The biggest lesson of the last 5 years of politics is that timing really matters. None of the years of chaos before Boris Johnson stopped Boris from winning the biggest Tory Majority since 1987. None of Donald Trump’s horrible 4 years of government stopped him from getting 47% of the vote in 2020. Democrats looked to be on track to hold at least two Senate seats they ended up losing in 2018, in large part because Republicans got a Supreme Court seat filled like a month before the midterms. Timing matters.
In Australia right now, we’ve seen a state government generally seen as having done very well lose and lose badly because of a bad few months at the wrong time, while Anthony Albanese racked up a huge polling lead going into the writ and is facing the beginning of questions about his ability to hold it when the chips are down. Politics has always been a game of what have you done for me lately, but holy shit is that clock ever getting closer and closer. None of what is said now will make a damn difference.
Yes, I know a regularly updating federal model would drive a lot of interactions to my work and give me the basis for a ton of columns here, but I can’t do it.

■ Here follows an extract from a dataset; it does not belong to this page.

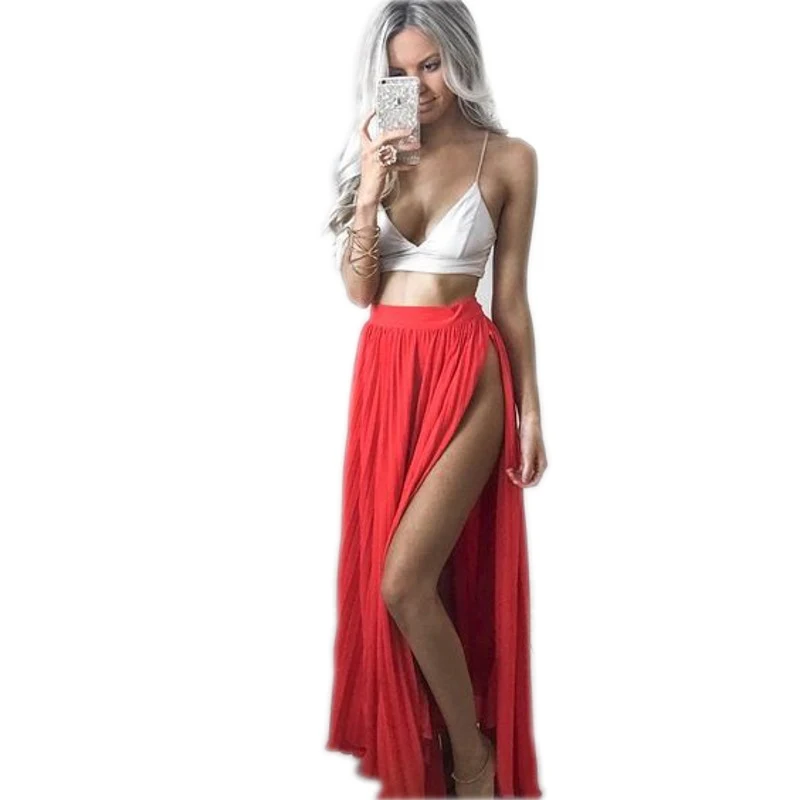 Лидер продаж сексуальные красные юбки Женская длинная трапециевидная юбка макси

The time from Skippy winning the leadership to early 2025 will be a time of lots of activity and no importance, politically. It’s not good to be living and dying with every poll and every projection, and I know I feed that beast.
Skippy’s chances of becoming the next Prime Minister should be as low or as high today as they were before either Abacus or Leger released their data, and nobody should be changing their priors now about an election in 42 months. Trust me, it’s not worth it.